On the day that the water backed up, the homeowner was insured with Wawanesa Mutual Insurance Company under a homeowners’ policy that was endorsed with a sewer backup endorsement. That endorsement provided coverage for the “sudden and accidental backing up or escape of water or sewage within your dwelling … through a sewer on your premises.” Wawanesa agreed with the insured homeowner that if the escape of water had been from a drain within the insured property, the claim would be paid. However, the water escaped from a drain outside the insured building and therefore there was no coverage.

Much of the judgment was consumed by describing the insured residence using words and not photos. The drain is imbedded in the concrete floor of a sundeck and capped with a grate. The drain is connected under the sundeck to the perimeter drainage system of the house.

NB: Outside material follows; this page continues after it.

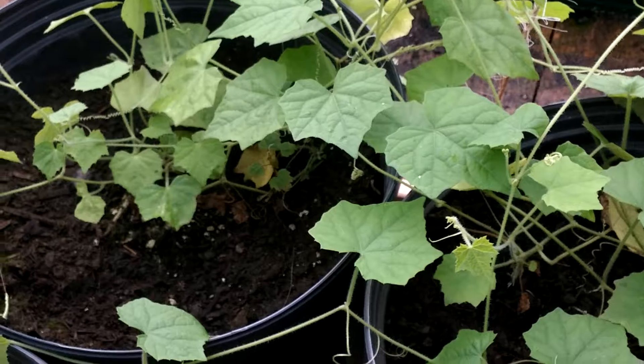Hopefully this works. I'm not sure if it will work. We'll see because I really want to see what a cucamelon looks like.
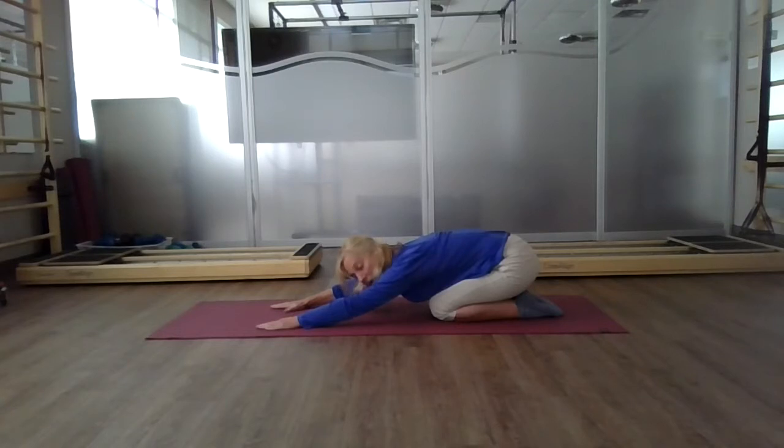Inhale and exhale. Hear that hugging effect — that drawing in of your belly button moving away from your thighs. Inhale and exhale. Ribcage draws in, belly button holds in.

The sundeck is on the ground level. The sundeck is the first level of a three-level deck at the back of the residence. The sun deck is not closed in on all sides.  The trial judge said that anyone looking at the sundeck would describe it as a partially closed-in outdoor patio.

The court addressed whether the escape of water from the drain on the floor of the sundeck was an escape from “within your dwelling” that engaged the coverage. The insured urged the court to define the perimeter of the ‘dwelling’ and if the loss occurred within that perimeter, then the loss was ‘within’ and covered. The court rejected that argument finding that the sundeck was a paved area adjoining the ‘dwelling’ and not ‘within’:

More significantly, any average person applying for insurance would understand the phrase “within your dwelling” to mean inside the dwelling or inside the house. For the average person, the determining factor in deciding whether something is “within” a dwelling would be its location relative to the exterior walls of the dwelling. Something inside those exterior walls is “within”. Something on the outside of the exterior walls is not “within” but is outside. Put differently, any average person applying for insurance would know and understand that the phrase “within your dwelling” does not include areas outside the exterior walls of the house.

The coverage afforded by the Sewer Backup Endorsement of the Policy is in respect of “sudden and accidental backing up or escape of water or sewage within your dwelling”. Giving these words their usual and ordinary meaning as they would be understood by the average person applying for insurance, there is only a single interpretation that emerges, namely, the backing up or escape of water must occur within the exterior walls of the dwelling or building. The backing up or escape of water that occurred here did not occur within the exterior walls of the dwelling. It occurred on the sun deck, an area that was outside the exterior walls of the basement of the dwelling or house. The sun deck may have been covered by the deck on the main floor of the house, but it was fully exposed to the elements on two sides. In no sense would any average person applying for insurance say or conclude that this area was “within” the dwelling or building. To the contrary, the average person would readily understand that the sun deck, though partially protected, is an outdoor patio and not “within” the dwelling.

Therefore, for the time being, in Canada, ‘within’ in a sewer backup endorsement unambiguously means inside the exterior walls of the insured dwelling.